**SUPPLIED INFORMATION**

☆ ☆ ☆ ☆ ☆

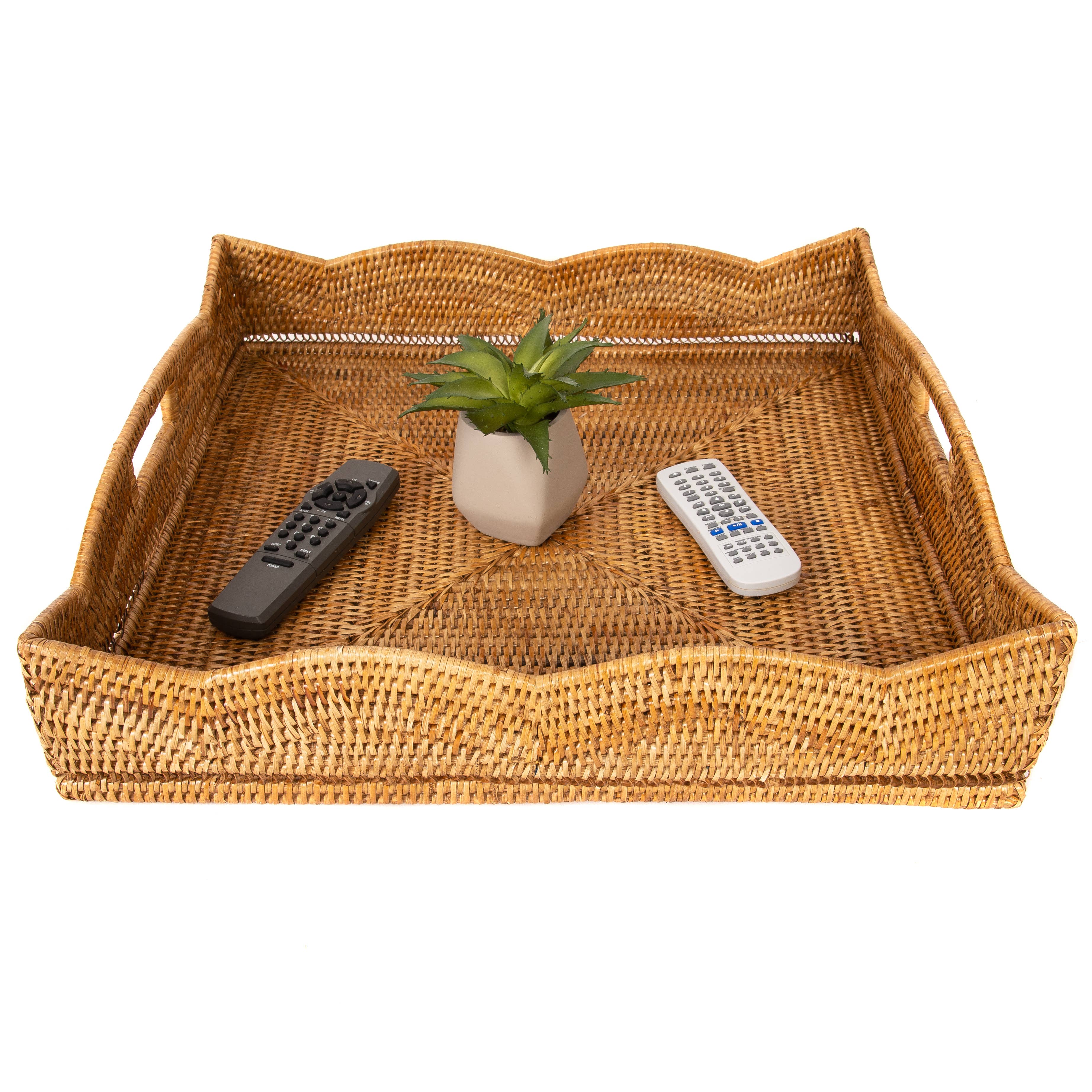Artifacts Trading Company - Wholesale Serving Tray - Rattan Scallop Square Tray5
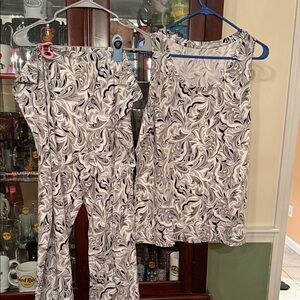 AnyBody Monochrome Swirl Jumpsuit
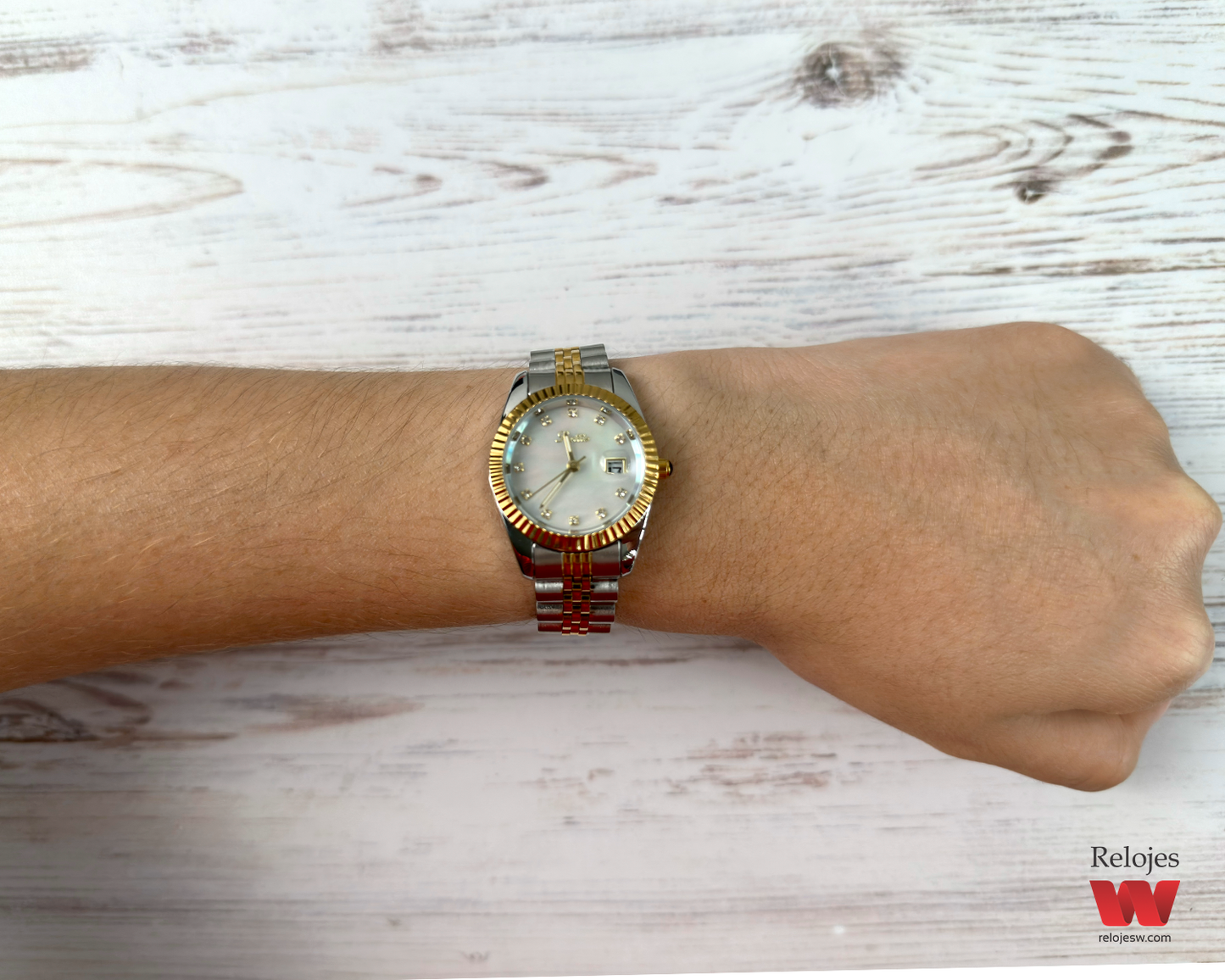 Reloj Scottie Mujer Plateado Dorado 9393-PLDO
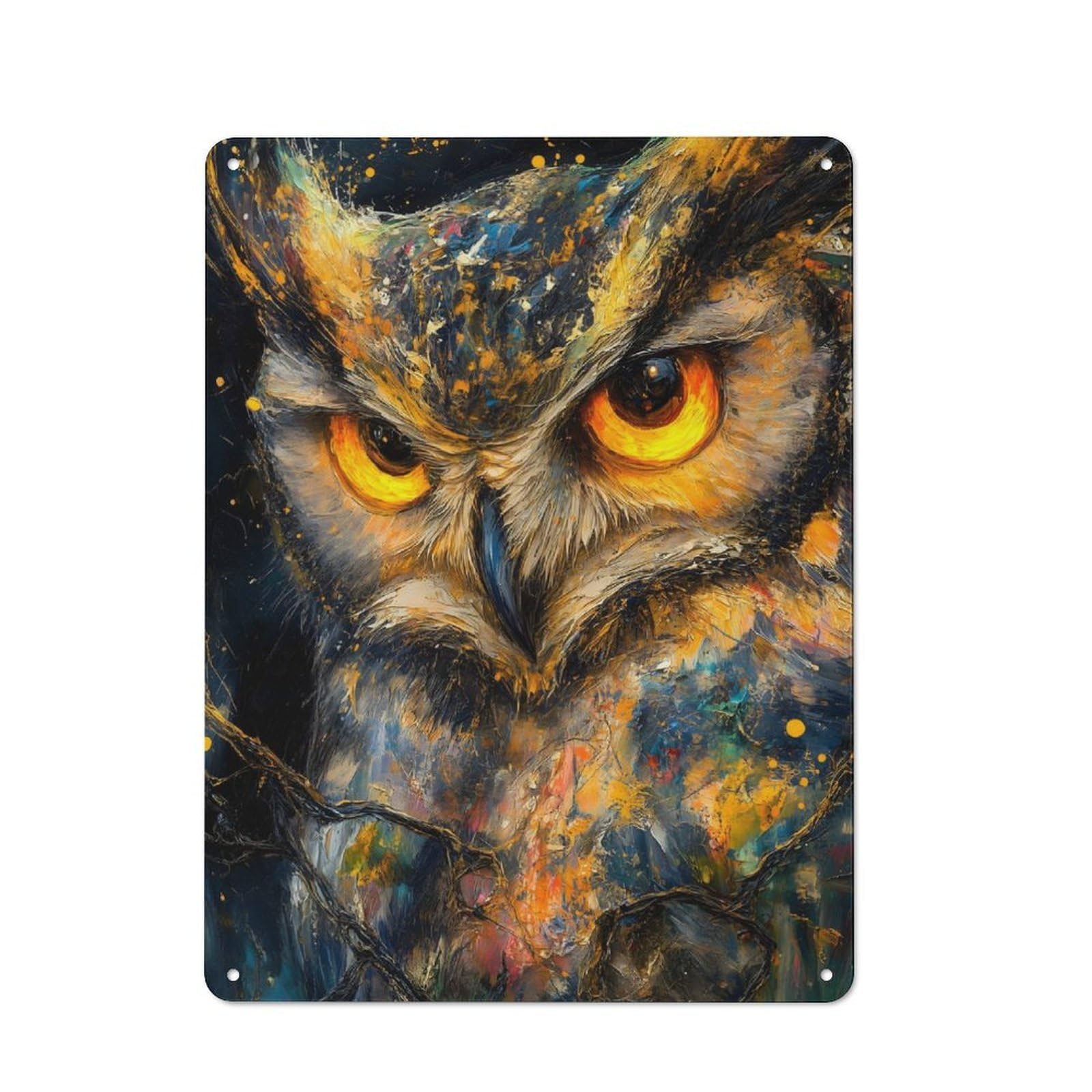 Junmoney Golden Owl Painting Animal Retro Metal Wall Sign 40X30cm For Man Cave Or Games Room, For Man Cave Decor Fans Refreshing A Room In Autumn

☆ ☆ ☆ ☆ ☆

**YOUR GOAL**
Each line from the one with "Reloj Scottie Mujer" to the last line of the listing should be returned exactly, both ends included, and no picture with them.

**WRITTEN SOLUTION**
 Reloj Scottie Mujer Plateado Dorado 9393-PLDO
 Junmoney Golden Owl Painting Animal Retro Metal Wall Sign 40X30cm For Man Cave Or Games Room, For Man Cave Decor Fans Refreshing A Room In Autumn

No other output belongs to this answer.